▶ _RECORDS SHOWN_
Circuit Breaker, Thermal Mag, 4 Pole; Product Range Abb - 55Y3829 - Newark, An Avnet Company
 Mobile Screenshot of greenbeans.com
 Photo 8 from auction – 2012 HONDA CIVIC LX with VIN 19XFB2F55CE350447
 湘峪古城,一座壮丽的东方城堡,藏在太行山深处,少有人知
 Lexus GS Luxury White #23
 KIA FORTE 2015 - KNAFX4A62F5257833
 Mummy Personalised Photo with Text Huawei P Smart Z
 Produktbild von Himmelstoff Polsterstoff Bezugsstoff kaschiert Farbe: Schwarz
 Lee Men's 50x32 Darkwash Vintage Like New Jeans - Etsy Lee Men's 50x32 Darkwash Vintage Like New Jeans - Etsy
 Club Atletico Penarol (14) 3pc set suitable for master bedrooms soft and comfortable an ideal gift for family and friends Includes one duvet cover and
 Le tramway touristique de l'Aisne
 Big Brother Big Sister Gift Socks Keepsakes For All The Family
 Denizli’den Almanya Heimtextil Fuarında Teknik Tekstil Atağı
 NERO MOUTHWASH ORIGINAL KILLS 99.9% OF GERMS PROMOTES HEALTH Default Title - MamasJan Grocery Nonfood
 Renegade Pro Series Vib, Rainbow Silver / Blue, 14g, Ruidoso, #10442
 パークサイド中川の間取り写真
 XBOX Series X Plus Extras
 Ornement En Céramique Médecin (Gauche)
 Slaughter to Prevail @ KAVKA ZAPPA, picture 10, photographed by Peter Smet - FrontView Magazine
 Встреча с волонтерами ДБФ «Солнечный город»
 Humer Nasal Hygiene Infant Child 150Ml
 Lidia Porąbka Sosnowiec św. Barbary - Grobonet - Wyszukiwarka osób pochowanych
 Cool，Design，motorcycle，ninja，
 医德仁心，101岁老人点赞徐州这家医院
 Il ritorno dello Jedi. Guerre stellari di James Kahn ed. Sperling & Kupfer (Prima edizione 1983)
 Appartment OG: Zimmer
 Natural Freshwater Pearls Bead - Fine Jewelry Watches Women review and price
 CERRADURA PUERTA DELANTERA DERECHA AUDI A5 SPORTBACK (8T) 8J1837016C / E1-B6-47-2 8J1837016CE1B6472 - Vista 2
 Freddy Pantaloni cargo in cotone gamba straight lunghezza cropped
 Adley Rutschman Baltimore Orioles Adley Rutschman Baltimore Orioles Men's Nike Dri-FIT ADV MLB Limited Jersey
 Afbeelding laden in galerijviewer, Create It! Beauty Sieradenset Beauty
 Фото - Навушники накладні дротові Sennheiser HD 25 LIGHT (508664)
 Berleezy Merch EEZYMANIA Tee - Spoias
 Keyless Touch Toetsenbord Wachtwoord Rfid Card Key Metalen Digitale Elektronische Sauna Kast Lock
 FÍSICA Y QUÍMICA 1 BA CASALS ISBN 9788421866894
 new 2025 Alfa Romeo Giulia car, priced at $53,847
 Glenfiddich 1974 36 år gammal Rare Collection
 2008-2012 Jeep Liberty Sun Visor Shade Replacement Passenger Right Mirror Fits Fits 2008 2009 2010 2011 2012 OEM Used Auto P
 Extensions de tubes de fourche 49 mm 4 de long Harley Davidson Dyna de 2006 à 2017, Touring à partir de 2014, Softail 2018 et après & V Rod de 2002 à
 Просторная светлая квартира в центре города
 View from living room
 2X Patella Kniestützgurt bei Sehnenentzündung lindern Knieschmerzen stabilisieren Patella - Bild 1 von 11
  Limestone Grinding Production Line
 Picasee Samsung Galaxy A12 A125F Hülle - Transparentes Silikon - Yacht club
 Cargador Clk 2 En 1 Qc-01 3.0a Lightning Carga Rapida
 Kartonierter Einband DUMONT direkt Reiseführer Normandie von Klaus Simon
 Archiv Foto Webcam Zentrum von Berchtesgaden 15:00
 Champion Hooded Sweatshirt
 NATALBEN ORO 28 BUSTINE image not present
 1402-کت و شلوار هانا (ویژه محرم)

▶ _WHAT THIS TASK INVOLVES_
If a line of the entries contains the string "Series", it counts; report how many such lines there are, as a bare number.

▶ _ANSWER FOR THIS EXERCISE_
2